Wednesday, June 24, 2026

ICYMI

“Curtains For Keir:” UK Premier Keir Starmer is Out




 June 23, 2026

Keir Starmer at Number 10 Downing Street upon his appointment. Picture by Kirsty O’Connor/ No 10 Downing Street. OGL 3

But what we’re really seeing is a grotesque blend of the worst of Thatcherism with the worst of Blairism: bad aspects of “neoliberalism” coexisting with bad aspects of bureaucratic statism. The result combines top-down statist nitpicking with Thatcherite ownership models; corporate, Whitehall and town hall management structures amalgamating into a public-private-partnership blob….

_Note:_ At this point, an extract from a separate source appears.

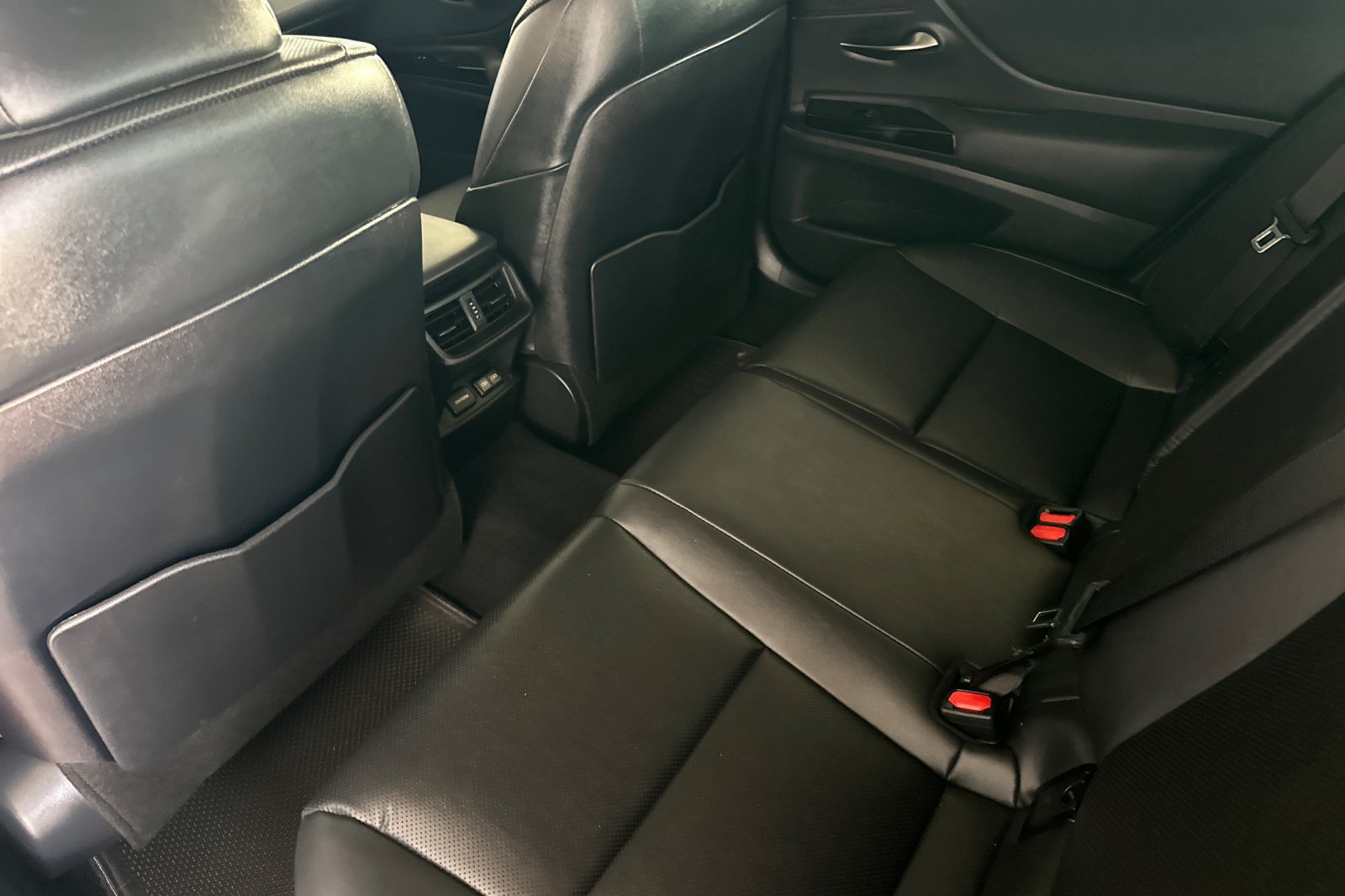 Certified 2024 Lexus ES 350 w/ Premium Package FWD image 9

Political commentator Jonny Ball

After Labour’s disastrous performance in local elections in England and parliamentary elections in Wales and Scotland in May, it became highly likely that Keir Starmer’s days as prime minister were numbered. This proposition was confirmed by the result of the Makerfield byelection a few days ago in which the Greater Manchester mayor Andy Burnham (though he is Liverpudlian), widely tipped to launch a bid to overthrow Starmer as prime minister if he won the byelection and entered parliament, did so with a huge majority, tallying over 50% of the vote.

Before the byelection Starmer lurched, seemingly almost weekly, from one political stumble to another. Numerous “relaunches”, “rebrandings”, and “resets” followed these stumbles, along with renewed pledges with regard to “mission” and “delivery”. All to no avail. Management-speak could not cloak the paucity of significant policy proposals and their implementation. Beyond vacuous soundbites, there was simply no considered argument advanced on behalf of the “mission” and what “delivery” was really about.

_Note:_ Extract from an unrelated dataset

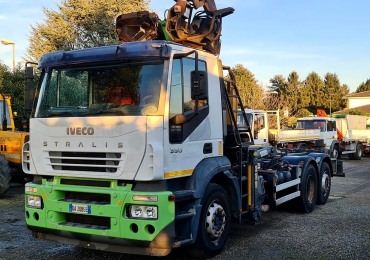 Autocarro Iveco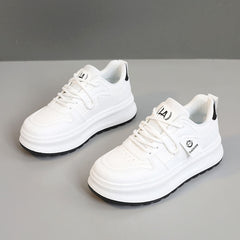 Damen Sportliche Komfort Sneakers mit dämpfender Laufsohle in Schwarz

The background to Starmer’s failure has been revealed by several biographies and accounts of his precipitous rise to power. Starmer became an MP in 2015, having been Director of Public Prosecutions from 2008 to 2013 (for which he received his knighthood). He was elected leader of the Labour party in 2020, following Jeremy Corbyn’s resignation after Labour’s defeat at the 2019 general election. Starmer campaigned for the party leadership under what soon turned out to be a false prospectus.

His leadership campaign hinged on Labour’s broadly social-democratic general election manifesto, which he promptly jettisoned once he won the leadership contest. He then purged the party of its leftists, with the aim of restoring Labour’s Blairite wing to ascendency within the party. Leaks and disclosures since the 2024 election indicate quite clearly that the Blairites plotted within Labour HQ to defenestrate Corbyn, while receiving considerable assistance from the UK’s overwhelmingly rightwing media when it came to smearing Corbyn and his supporters.

The Labour HQ plot had as its eminence grise Peter “Mandy” Mandelson, also known as “The Prince of Darkness”, until recently UK ambassador to the US (and before that a senior adviser to Tony Blair and member of Blair’s cabinet), before he was given the boot when the release of the Epstein Files showed his continued close association with Jeffrey Epstein even after the paedophilic financier had been jailed.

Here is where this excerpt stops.